Throughout the course of my addiction, Stigwood had always believed I would come through. Even though it was an enormous gamble for him, he stuck by me, and one of the first things I did on my return was to arrange a meeting with him.

“What do you want to do?” he asked. “Because I know what I want you to do.”

I said, “Well, I’ve got all these ideas, and I think I want to make a record.”

“Well that’s great,” he said, “because that’s exactly what I had in mind. Here are your tickets to Miami, and the studio’s already booked, with Tom Dowd to produce it and engineer it, if you want him.”

And that was it. It had all been prearranged, and they were just waiting for me. I remember thinking how great his foresight was in putting together a deal I could just step into. He’d also rented us a house, 461 Ocean Boulevard, a luxury home right on the seafront in Miami Beach, and I flew there at once.

When I arrived, I was greeted by Carl, who then drove me from the airport to meet Jamie and Dick. They were very feisty young guys, bright and confident and not in the least impressed by me. They made me feel old, and I was only twenty-nine! The idea was that we should play as a quartet, augmented in the studio by other artists, and I instinctively understood that the success of the record depended entirely on the kind of chemistry we developed. The first and most important task for me was to find a way to restore my playing ability in the company of proper musicians. We ended up finding a compromise in which they played minimally to my capabilities. This gave the music a certain charm, in that it was very basic.

One of the extra musicians whom Stigwood had brought in to join us was Yvonne Elliman, a brilliant young singer who had played the part of Mary Magdalene both on Broadway and in the movie for Jesus Christ Superstar. Of Irish and Hawaiian descent, she was incredibly pretty and exotic looking, with long dark hair, and Stiggy was very keen that we should collaborate. Since I had had virtually no sex life in the last few years, it is not hard to imagine what happened in the heady atmosphere of recording in Miami. Yvonne and I fell in lust with each other and were soon flirting and mucking around and enjoying a passionate affair. She really liked to have fun and drink and do dope and generally hang out with the guys, and we became good friends.
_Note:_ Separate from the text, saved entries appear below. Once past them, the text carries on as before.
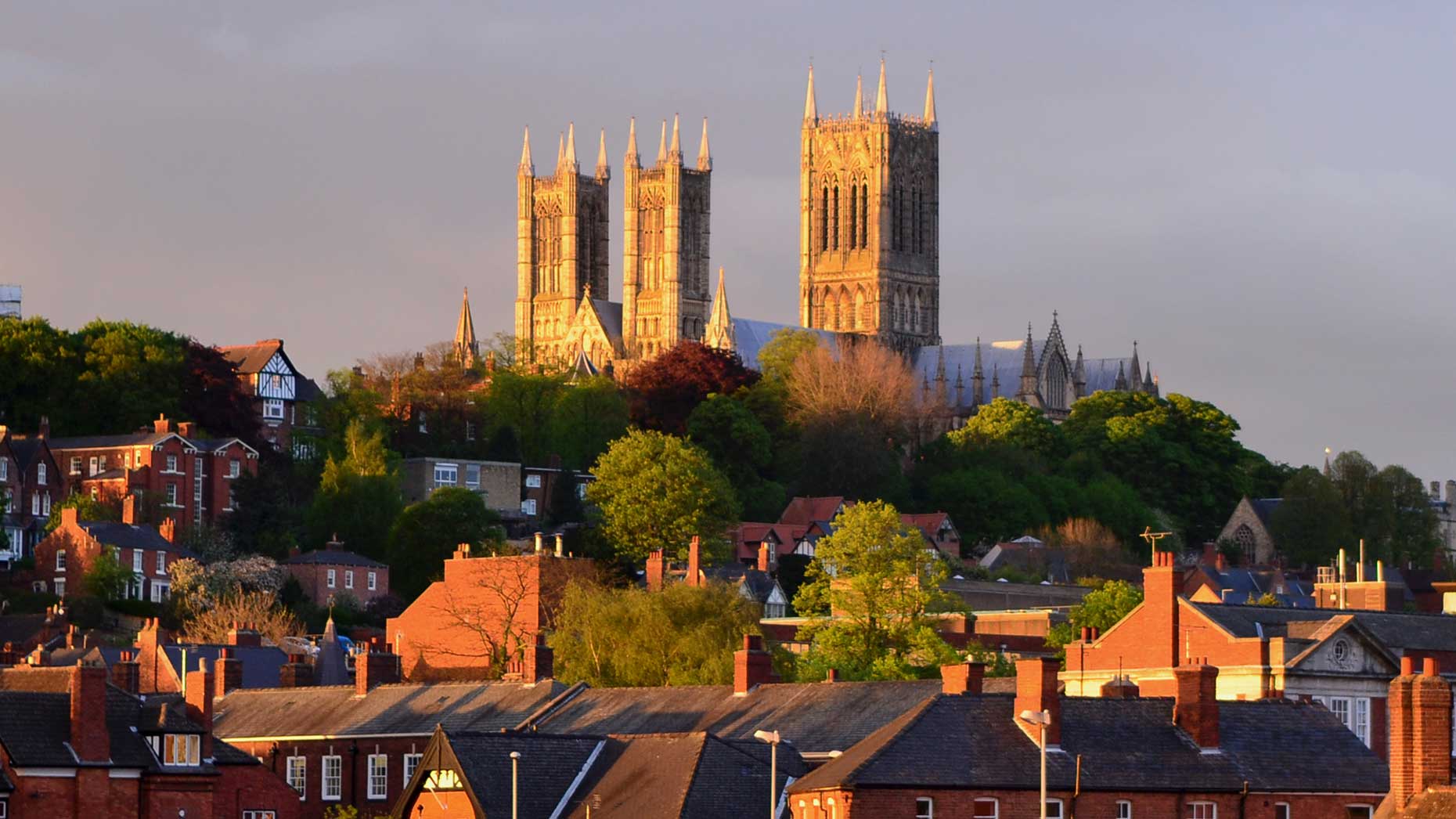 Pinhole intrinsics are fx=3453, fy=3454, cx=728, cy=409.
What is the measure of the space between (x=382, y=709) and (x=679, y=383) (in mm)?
88726

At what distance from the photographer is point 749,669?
210 feet

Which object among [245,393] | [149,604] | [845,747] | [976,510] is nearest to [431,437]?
[245,393]

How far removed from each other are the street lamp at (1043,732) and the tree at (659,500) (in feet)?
235

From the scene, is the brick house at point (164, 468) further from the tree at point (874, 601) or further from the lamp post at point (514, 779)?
the lamp post at point (514, 779)

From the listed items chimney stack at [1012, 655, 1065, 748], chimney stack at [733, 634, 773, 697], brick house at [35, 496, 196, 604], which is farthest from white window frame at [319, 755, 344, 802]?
brick house at [35, 496, 196, 604]

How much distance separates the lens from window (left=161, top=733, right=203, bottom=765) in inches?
2292

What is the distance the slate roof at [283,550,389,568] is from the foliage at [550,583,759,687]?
3663 centimetres

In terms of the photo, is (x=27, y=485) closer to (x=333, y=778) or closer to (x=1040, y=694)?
(x=333, y=778)

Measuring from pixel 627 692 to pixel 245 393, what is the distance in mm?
78879

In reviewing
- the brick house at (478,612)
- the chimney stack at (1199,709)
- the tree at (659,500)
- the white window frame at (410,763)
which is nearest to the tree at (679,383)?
the tree at (659,500)

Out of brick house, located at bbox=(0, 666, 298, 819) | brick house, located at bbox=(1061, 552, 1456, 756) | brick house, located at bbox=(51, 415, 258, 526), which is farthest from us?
brick house, located at bbox=(51, 415, 258, 526)

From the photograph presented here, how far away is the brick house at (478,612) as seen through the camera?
9650 centimetres

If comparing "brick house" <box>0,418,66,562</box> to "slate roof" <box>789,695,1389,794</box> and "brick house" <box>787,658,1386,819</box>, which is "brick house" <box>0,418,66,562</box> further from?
"slate roof" <box>789,695,1389,794</box>

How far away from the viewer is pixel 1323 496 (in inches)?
6019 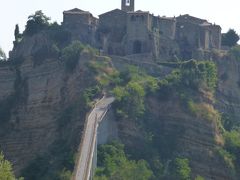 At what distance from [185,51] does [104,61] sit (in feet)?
36.1

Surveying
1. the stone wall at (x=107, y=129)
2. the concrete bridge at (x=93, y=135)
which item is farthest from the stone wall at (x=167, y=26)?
the stone wall at (x=107, y=129)

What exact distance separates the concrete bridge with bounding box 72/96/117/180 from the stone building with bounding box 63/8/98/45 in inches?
538

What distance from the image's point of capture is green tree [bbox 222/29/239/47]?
112 metres

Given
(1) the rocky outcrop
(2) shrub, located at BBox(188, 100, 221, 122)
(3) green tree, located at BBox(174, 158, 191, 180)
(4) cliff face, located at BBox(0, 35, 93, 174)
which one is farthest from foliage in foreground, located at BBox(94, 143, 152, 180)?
(2) shrub, located at BBox(188, 100, 221, 122)

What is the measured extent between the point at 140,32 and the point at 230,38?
12.7m

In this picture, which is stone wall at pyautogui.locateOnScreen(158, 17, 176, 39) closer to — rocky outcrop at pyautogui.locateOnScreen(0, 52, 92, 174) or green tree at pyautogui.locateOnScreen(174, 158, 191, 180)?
rocky outcrop at pyautogui.locateOnScreen(0, 52, 92, 174)

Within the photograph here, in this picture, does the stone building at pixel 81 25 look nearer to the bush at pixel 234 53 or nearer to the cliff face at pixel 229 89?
the cliff face at pixel 229 89

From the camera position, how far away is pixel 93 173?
78250 millimetres

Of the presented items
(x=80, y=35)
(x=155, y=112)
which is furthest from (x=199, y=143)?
(x=80, y=35)

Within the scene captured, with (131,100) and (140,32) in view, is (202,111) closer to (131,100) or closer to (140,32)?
(131,100)

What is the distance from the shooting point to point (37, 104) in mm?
100938

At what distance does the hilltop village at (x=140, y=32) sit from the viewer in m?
103

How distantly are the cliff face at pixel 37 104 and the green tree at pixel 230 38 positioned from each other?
18.9m

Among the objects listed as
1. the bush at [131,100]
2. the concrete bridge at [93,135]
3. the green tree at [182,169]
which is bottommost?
the green tree at [182,169] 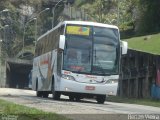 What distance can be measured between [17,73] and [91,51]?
7642 cm

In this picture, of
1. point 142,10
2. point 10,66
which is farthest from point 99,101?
point 10,66

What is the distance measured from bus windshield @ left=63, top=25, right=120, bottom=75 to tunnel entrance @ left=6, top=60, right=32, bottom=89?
61210 mm

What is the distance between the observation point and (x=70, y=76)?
27812 mm

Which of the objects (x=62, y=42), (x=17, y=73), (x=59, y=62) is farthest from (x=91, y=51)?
(x=17, y=73)

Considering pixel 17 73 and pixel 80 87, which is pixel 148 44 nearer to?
pixel 80 87

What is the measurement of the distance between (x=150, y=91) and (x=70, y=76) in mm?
18574

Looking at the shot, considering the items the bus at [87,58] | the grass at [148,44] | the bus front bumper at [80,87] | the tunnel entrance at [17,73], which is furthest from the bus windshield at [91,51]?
the tunnel entrance at [17,73]

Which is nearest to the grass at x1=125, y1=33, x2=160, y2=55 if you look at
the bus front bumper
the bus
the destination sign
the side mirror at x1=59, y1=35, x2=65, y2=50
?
the bus

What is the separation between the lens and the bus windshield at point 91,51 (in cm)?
2775

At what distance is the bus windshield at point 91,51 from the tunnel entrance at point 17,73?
61.2m

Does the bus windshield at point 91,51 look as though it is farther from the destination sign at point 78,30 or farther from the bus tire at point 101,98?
the bus tire at point 101,98

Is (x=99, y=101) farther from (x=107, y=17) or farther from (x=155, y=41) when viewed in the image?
(x=107, y=17)

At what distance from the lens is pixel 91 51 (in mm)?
27891

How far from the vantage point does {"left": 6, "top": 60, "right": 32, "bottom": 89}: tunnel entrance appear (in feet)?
301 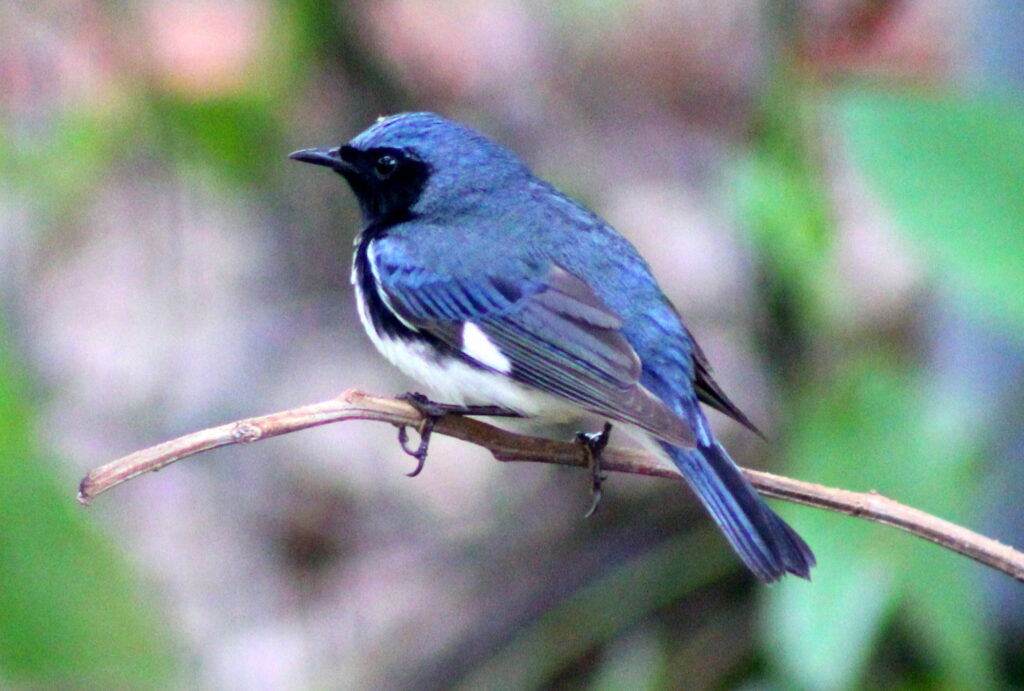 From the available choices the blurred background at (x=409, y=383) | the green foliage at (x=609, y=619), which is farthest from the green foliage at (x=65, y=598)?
the green foliage at (x=609, y=619)

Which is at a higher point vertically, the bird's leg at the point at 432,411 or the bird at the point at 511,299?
the bird at the point at 511,299

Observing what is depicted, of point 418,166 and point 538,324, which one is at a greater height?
point 418,166

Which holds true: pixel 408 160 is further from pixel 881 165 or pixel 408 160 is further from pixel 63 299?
pixel 63 299

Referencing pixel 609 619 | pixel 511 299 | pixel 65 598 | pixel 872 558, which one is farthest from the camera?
pixel 609 619

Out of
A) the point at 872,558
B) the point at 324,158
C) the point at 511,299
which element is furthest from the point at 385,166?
the point at 872,558

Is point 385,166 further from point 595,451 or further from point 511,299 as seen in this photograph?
point 595,451

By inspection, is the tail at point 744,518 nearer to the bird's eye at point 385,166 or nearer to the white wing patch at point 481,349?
the white wing patch at point 481,349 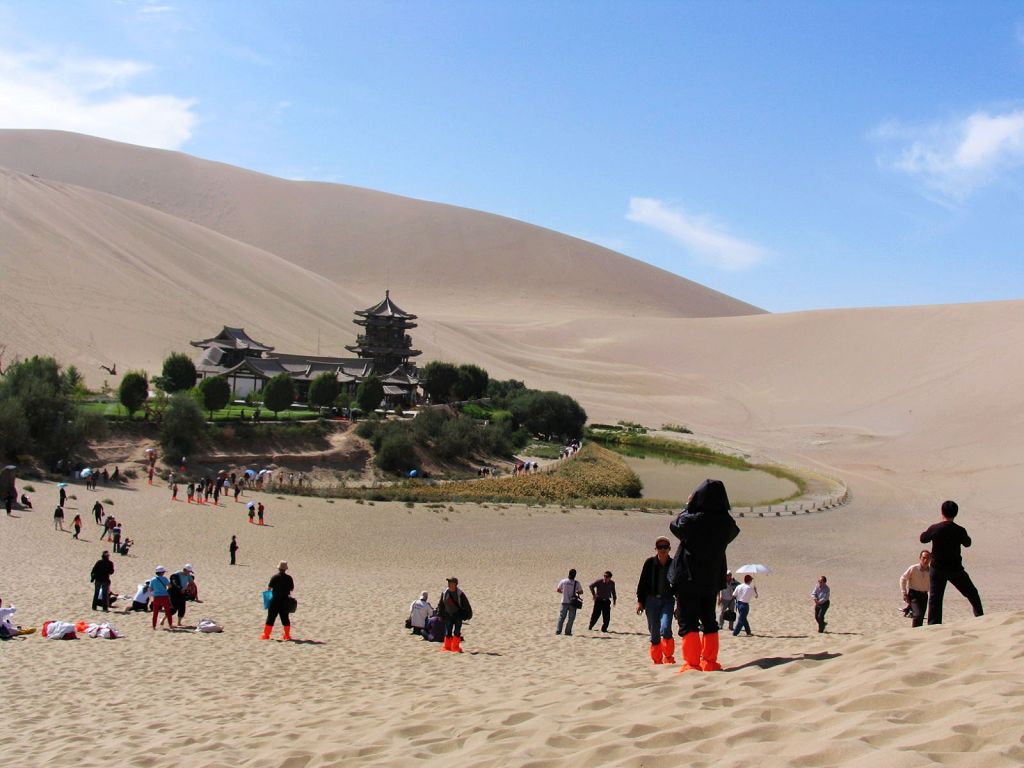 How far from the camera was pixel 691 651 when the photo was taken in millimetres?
7336

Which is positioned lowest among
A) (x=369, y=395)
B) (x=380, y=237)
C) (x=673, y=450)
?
(x=673, y=450)

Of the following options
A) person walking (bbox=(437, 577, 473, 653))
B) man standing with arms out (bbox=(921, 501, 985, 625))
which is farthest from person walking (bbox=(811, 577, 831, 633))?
man standing with arms out (bbox=(921, 501, 985, 625))

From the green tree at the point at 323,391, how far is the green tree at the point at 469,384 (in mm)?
11050

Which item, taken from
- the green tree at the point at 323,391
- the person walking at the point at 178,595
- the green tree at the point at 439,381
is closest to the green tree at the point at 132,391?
the green tree at the point at 323,391

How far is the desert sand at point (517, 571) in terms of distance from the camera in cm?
554

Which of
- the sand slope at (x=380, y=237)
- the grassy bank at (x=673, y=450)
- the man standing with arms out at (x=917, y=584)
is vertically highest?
the sand slope at (x=380, y=237)

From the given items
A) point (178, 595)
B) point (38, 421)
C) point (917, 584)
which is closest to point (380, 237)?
point (38, 421)

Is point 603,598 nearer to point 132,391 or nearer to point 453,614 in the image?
point 453,614

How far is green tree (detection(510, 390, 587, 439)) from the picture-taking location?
2115 inches

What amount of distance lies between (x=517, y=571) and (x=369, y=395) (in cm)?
2408

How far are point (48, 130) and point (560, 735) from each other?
179m

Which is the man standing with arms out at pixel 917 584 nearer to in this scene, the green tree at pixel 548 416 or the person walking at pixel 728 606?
the person walking at pixel 728 606

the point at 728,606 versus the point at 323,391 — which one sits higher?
the point at 323,391

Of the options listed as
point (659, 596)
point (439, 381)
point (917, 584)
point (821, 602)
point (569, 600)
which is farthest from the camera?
point (439, 381) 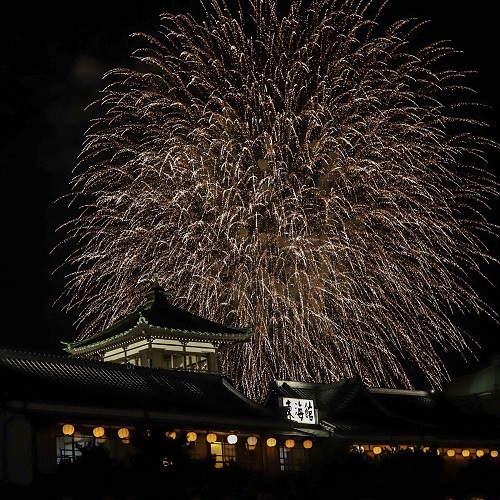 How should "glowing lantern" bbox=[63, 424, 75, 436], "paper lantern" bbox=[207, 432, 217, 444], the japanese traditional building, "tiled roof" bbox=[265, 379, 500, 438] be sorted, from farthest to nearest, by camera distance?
"tiled roof" bbox=[265, 379, 500, 438] → "paper lantern" bbox=[207, 432, 217, 444] → "glowing lantern" bbox=[63, 424, 75, 436] → the japanese traditional building

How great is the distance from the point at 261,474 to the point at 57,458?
24.0ft

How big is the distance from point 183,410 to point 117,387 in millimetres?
2283

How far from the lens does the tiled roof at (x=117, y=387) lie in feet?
88.8

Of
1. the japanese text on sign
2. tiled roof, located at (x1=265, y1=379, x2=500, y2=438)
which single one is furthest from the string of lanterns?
tiled roof, located at (x1=265, y1=379, x2=500, y2=438)

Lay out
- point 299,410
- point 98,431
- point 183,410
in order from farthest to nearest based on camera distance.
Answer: point 299,410, point 183,410, point 98,431

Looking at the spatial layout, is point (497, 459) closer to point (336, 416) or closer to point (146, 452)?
point (336, 416)

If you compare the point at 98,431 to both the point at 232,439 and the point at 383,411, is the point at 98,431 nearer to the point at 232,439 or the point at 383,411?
the point at 232,439

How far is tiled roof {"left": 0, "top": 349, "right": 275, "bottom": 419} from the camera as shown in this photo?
2708 centimetres

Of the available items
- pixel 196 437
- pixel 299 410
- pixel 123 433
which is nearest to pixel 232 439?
pixel 196 437

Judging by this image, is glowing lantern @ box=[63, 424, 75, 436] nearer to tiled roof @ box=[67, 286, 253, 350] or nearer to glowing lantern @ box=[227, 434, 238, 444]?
glowing lantern @ box=[227, 434, 238, 444]

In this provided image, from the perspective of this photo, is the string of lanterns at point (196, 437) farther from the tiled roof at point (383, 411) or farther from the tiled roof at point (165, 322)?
the tiled roof at point (165, 322)

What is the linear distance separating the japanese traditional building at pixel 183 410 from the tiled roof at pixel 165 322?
2.1 inches

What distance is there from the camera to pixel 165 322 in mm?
34812

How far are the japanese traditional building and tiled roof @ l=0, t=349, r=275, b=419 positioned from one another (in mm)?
48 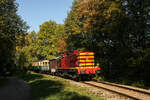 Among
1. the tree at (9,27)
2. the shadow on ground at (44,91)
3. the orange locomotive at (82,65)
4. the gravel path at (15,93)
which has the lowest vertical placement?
the gravel path at (15,93)

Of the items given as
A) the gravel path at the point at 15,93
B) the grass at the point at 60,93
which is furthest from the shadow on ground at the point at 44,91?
the gravel path at the point at 15,93

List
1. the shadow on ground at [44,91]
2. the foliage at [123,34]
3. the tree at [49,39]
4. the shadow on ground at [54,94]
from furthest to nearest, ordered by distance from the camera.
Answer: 1. the tree at [49,39]
2. the foliage at [123,34]
3. the shadow on ground at [44,91]
4. the shadow on ground at [54,94]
I was also impressed by her terrific voice, and it wasn’t long before I asked her to join the band.

The guitar I chose to use for my return to recording was one I had built myself, a black Fender Stratocaster I had nicknamed “Blackie.” In the early days, in spite of my admiration for both Buddy Holly and Buddy Guy, both Strat players, I had predominantly played a Gibson Les Paul, but one day while on tour with the Dominos, I saw Steve Winwood with a white Strat and, inspired by him, I went into Sho-Bud in Nashville, and they had a stack of Strats in the back of the shop. They were completely out of fashion at the time, and I bought six of them for a song, no more than about a hundred dollars each. These vintage instruments would be worth about a hundred times that today. When I got home, I gave one to Steve, one to Pete Townshend, and another to George Harrison, and kept the rest. I then took the other three and made one guitar out of them, using the best components of each.